O presidente brasileiro disse que as tarifas prejudicam as economias dos dois países e defendeu a continuidade das negociações. Segundo o Planalto, Trump concordou com a necessidade de preservar as relações comerciais e sugeriu uma nova reunião entre as equipes técnicas dos dois governos.
Crime organizado
Lula também afirmou que o Brasil pretende ampliar a cooperação com os Estados Unidos no combate ao crime organizado. Ele citou a estratégia de estrangulamento financeiro das facções, com apreensão de R$ 17 bilhões, além do plano de transformar 138 unidades prisionais em presídios de segurança máxima.

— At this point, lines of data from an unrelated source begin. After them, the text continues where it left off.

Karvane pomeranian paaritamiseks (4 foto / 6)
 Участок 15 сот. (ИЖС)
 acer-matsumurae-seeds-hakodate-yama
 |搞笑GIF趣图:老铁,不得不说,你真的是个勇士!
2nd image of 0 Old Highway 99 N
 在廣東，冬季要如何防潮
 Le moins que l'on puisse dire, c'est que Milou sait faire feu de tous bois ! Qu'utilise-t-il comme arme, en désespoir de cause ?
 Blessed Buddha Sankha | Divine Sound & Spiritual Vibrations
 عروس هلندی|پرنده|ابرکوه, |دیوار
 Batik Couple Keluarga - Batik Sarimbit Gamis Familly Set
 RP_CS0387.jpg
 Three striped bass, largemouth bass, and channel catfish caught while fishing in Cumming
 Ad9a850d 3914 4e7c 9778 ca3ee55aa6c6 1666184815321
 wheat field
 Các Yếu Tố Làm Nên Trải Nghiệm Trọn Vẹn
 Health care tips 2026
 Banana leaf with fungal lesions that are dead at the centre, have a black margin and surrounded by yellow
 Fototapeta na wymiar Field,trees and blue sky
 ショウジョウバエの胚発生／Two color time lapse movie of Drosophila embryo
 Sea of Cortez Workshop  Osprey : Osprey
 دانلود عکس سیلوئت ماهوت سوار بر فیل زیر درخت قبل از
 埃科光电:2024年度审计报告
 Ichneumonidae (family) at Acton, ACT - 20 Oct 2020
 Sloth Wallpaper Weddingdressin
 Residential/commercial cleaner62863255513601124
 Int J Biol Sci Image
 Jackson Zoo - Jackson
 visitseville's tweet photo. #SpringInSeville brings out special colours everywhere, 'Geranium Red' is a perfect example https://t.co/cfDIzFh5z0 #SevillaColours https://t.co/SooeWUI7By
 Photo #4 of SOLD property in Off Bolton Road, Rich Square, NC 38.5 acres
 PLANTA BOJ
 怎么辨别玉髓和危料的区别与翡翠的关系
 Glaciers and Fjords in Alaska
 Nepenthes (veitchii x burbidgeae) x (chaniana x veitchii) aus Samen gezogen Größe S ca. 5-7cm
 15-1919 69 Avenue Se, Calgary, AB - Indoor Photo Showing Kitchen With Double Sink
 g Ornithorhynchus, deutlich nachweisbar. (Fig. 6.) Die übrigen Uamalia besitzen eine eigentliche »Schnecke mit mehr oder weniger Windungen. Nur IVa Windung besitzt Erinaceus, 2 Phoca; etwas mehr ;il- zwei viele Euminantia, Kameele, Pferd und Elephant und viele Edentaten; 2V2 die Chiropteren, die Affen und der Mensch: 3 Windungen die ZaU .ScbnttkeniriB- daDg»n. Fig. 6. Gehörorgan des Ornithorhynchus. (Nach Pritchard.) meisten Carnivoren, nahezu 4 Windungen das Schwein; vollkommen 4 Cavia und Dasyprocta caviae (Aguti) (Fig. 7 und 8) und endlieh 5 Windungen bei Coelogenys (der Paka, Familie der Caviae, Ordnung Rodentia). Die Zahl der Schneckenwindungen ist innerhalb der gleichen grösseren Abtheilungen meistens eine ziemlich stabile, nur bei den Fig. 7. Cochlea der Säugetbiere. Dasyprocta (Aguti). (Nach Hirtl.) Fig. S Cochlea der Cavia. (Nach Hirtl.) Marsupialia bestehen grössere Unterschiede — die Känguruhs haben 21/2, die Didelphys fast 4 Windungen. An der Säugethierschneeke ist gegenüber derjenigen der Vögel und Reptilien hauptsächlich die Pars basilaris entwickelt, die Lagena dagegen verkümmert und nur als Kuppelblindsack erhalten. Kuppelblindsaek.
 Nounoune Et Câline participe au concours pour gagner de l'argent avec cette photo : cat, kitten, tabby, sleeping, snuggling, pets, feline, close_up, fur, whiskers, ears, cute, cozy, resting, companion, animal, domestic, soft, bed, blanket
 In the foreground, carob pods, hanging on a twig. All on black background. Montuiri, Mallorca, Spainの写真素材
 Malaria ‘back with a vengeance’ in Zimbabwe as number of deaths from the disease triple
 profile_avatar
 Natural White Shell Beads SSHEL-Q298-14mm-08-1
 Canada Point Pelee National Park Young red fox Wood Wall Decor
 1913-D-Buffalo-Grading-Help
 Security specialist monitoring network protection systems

O presidente mencionou ainda a Lei Antifacção, uma PEC em análise no Congresso sobre segurança pública e a criação do Centro de Cooperação Policial Internacional da Amazônia, em Manaus.
Trump manifestou disposição para fortalecer a cooperação e indicou que funcionários de alto escalão participarão das tratativas.
Conflitos internacionais
Os presidentes também trataram da guerra entre Rússia e Ucrânia e das tensões envolvendo o Irã. Segundo o Planalto, ambos defenderam uma solução negociada para o conflito no Leste Europeu.
Lula criticou a atuação do Conselho de Segurança da ONU e propôs uma reunião extraordinária do órgão para discutir soluções diplomáticas para crises internacionais.
Com informações do g1.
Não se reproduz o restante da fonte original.